Ollama now supports embedding models
kasperwelbers opened this issue · 6 comments
Ollama added support for embedding models like BERT. This is much faster than using a generative model, such as llama2, which is currently the default in embed_text.
Changing this default, and perhaps adding documentation to help people pick good embedding models, could make rollama super useful for all sorts of downsteam tasks in R!
Nice! It didn't work until I updated to v0.1.29 (0.1.26 is apparently the minimum). But then nomic-embed-text
was about 4 times faster than the default llama2
model in the embedding vignette example (and the f-means of the resulting model was 0.05 better 😉 ).
I think about the best approach for this. Having one default throughout the package is neat, but models meant for embedding are definitly faster and make more sense for a lot of people. I will at least add it to the vignette and the examples.
It would also be good to add how you can use arbitrary embedding models from huggingface. Not sure if the process is the same for these models as what is documented here: https://github.com/ollama/ollama/blob/main/docs/import.md
[Post removed]
This only worked because I grabbed the wrong modelfile. It's actually more complicated...
Nice, thats really cool!
What is the purpose of Python here? Is this only that it downloads the model? Because then it might also be done with hfhub, which seems to be an effort of team posit to get huggingface to R.
That's exactly what I was looking for! For some reason it didn't show up in my searches and I assumed that I've dreamed it 😅. Yes, the Python stuff was just for downloading the file. Now all we need is a good heuristic to identify the file Ollama wants.
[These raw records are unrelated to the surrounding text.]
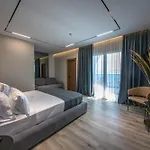 Noam Luxury 4*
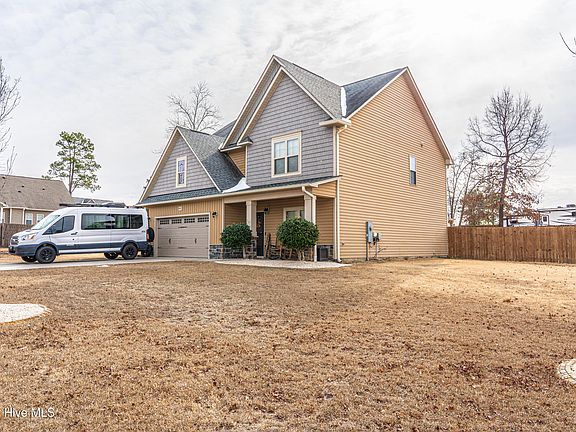 3rd image of 497 N Prince Henry Way
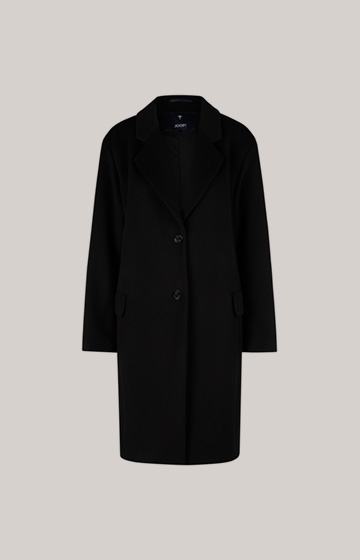 Coat in Black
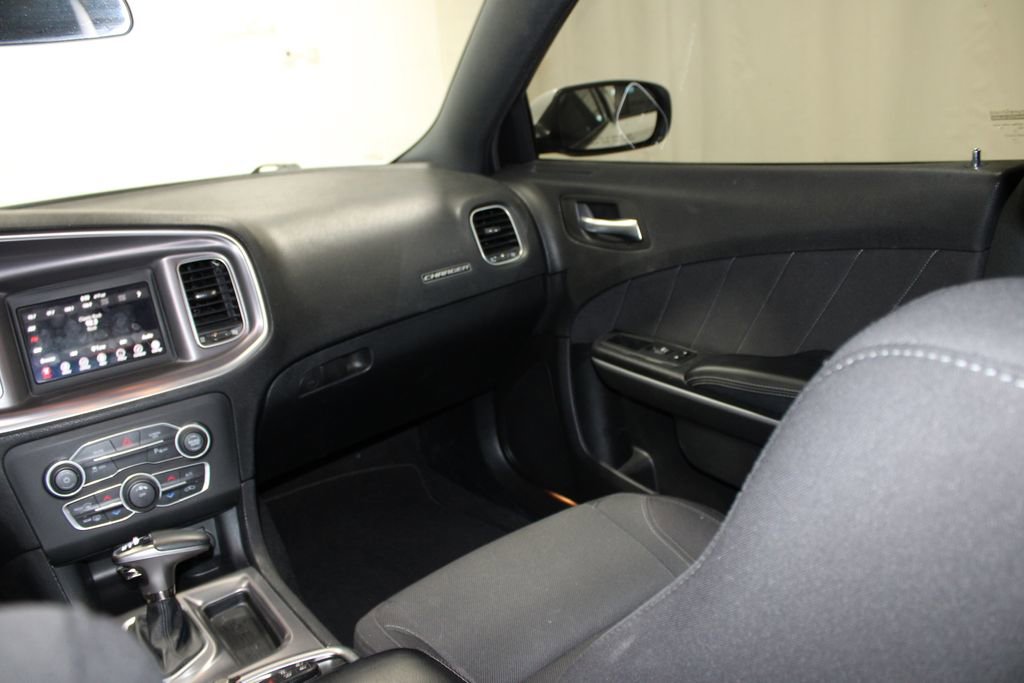 Used 2019 Dodge Charger SXT RWD image 32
Ok, I was a bit quick with the post above and couldn't reproduce it with the files downloaded through hfhub
. Finally, I noticed I had acidetally grabbed the wrong model file.
You need indeed to first follow the steps to convert the model using convert-hf-to-gguf.py
. And then move the converted bin file to a directory Ollama has access to (in my case inside the container).
So for now, I would tell people to rely on either nomic-embed-text
or all-minilm
and check what might be added in the future.